— Aim of the task —
Copy out the whole listing exactly as written, leaving the pictures behind.

— Data shown —
- - -
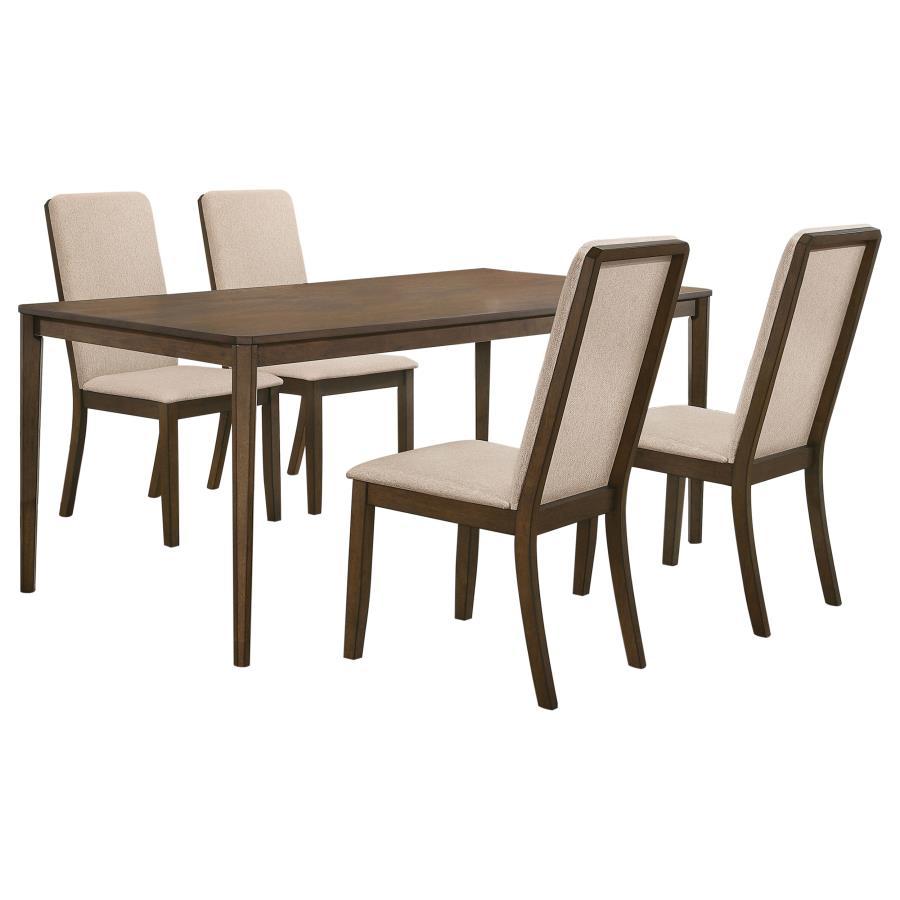 Wethersfield - Rectangular Dining Table Set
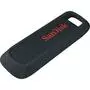 USB флеш накопитель SanDisk 128GB Ultra Trek USB 3.0 (SDCZ490-128G-G46) - 2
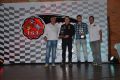 Jantar e Entrega Certificados Campeonato Gaúcho de Arrancada 2014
- - -
— Result —
 Wethersfield - Rectangular Dining Table Set
 USB флеш накопитель SanDisk 128GB Ultra Trek USB 3.0 (SDCZ490-128G-G46) - 2
 Jantar e Entrega Certificados Campeonato Gaúcho de Arrancada 2014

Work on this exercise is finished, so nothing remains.